Student to Student: Artificial intelligence/machine learning
By Tyler Hayes
Artificial Intelligence (AI) has recently gained widespread popularity, with several news articles being released daily about its various uses within industry including facial recognition, personal assistants like Alexa or Siri, and self-driving cars. More specifically, machine learning is a branch of AI that focuses on developing machines that learn patterns from data, without being explicitly programmed to do so. Currently, the most popular models used for machine learning are deep neural networks, which are loosely inspired by how human brains process data. For example, given an image of a cat, a neural network passes the image through several layers of “neurons” before making a prediction about what animal it has seen.
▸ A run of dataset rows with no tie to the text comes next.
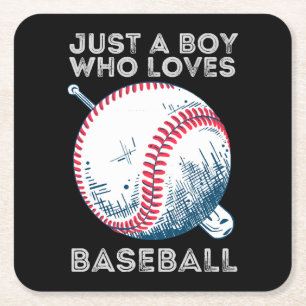 Just a Boy Who Loves Baseball Square Paper Coaster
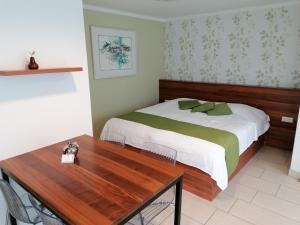 Katil atau katil-katil dalam bilik di Gartenappartement Ybbs
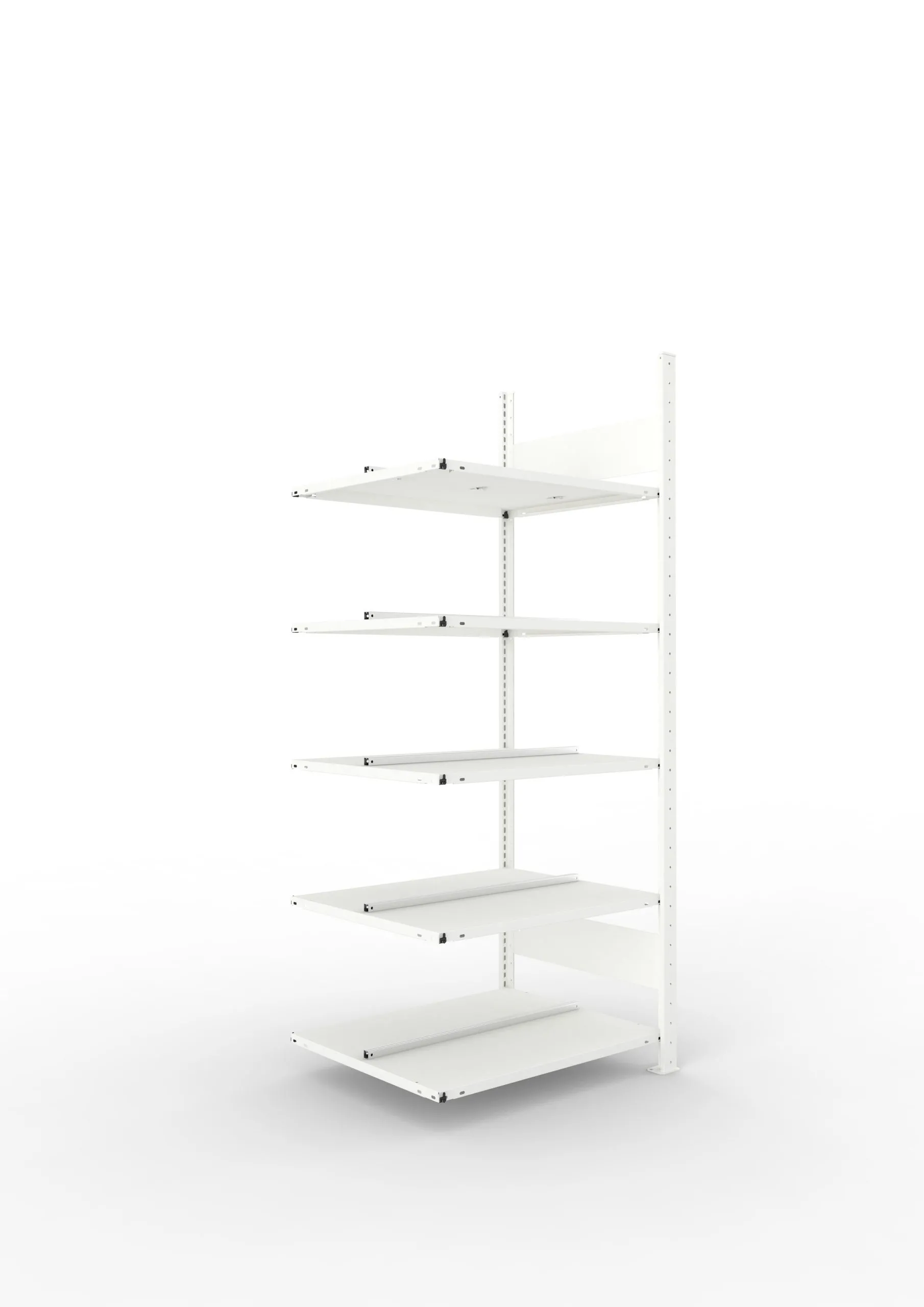 Meta Aktenregal Stecksystem CLIP mit vorgefertigten Rahmen | Anbauregal | HxBxT 185x75x60cm | 5 Ebenen | Fachlast 100kg | Beidseitig nutzbar | Lichtgrau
These models work especially well when they are trained on large static datasets to perform a pre-defined task and even outperform humans in some cases.
However, consider the following example. Let’s suppose we have a neural network that has been trained to recognize images of cats and dogs. Now, we would simply like to update our network to also classify birds, without retraining it on cats and dogs. With conventional methods, if we update our network on only images of birds, it catastrophically forgets everything it had learned about cats and dogs. This phenomenon poses serious risks in safety critical applications such as self-driving cars and is an important problem to solve for making more robust models that are able to learn new information over time. The field concerned with developing models that are able to continuously learn and adapt to new information, without forgetting previous information, is known as lifelong machine learning, which is the focus of my Ph.D. studies.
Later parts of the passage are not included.